→ **What to work on**
Please restate word for word only the lines that start at the one containing "小宝宝趴在主人身上睡觉，猫也跳上来讨摸摸" and continue to the final line of the material.

→ **Dataset excerpts**
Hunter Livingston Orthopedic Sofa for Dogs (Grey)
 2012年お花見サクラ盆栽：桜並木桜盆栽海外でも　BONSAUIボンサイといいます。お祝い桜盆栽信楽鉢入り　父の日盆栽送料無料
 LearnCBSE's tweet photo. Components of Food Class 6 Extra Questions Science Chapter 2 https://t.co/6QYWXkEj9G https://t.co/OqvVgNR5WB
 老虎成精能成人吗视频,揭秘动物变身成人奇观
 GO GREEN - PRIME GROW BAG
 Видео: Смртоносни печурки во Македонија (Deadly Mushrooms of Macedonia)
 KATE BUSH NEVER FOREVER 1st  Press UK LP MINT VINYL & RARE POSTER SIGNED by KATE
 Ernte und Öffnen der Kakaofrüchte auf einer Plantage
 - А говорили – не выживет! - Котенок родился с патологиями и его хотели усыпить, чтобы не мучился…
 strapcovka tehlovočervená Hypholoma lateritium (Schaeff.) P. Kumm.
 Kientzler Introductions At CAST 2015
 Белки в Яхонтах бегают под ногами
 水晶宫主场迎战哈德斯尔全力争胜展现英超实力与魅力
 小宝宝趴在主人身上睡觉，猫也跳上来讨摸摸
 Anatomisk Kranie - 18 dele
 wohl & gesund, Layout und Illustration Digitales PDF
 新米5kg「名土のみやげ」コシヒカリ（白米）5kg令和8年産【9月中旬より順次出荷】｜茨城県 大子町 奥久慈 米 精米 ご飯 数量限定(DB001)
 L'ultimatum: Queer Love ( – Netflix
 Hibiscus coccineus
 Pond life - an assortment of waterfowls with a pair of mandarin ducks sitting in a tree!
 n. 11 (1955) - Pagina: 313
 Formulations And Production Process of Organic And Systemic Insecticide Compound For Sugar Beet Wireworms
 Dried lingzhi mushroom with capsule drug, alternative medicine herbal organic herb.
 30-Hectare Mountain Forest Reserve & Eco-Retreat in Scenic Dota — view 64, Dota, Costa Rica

→ **Solution to this problem**
 小宝宝趴在主人身上睡觉，猫也跳上来讨摸摸
 Anatomisk Kranie - 18 dele
 wohl & gesund, Layout und Illustration Digitales PDF
 新米5kg「名土のみやげ」コシヒカリ（白米）5kg令和8年産【9月中旬より順次出荷】｜茨城県 大子町 奥久慈 米 精米 ご飯 数量限定(DB001)
 L'ultimatum: Queer Love ( – Netflix
 Hibiscus coccineus
 Pond life - an assortment of waterfowls with a pair of mandarin ducks sitting in a tree!
 n. 11 (1955) - Pagina: 313
 Formulations And Production Process of Organic And Systemic Insecticide Compound For Sugar Beet Wireworms
 Dried lingzhi mushroom with capsule drug, alternative medicine herbal organic herb.
 30-Hectare Mountain Forest Reserve & Eco-Retreat in Scenic Dota — view 64, Dota, Costa Rica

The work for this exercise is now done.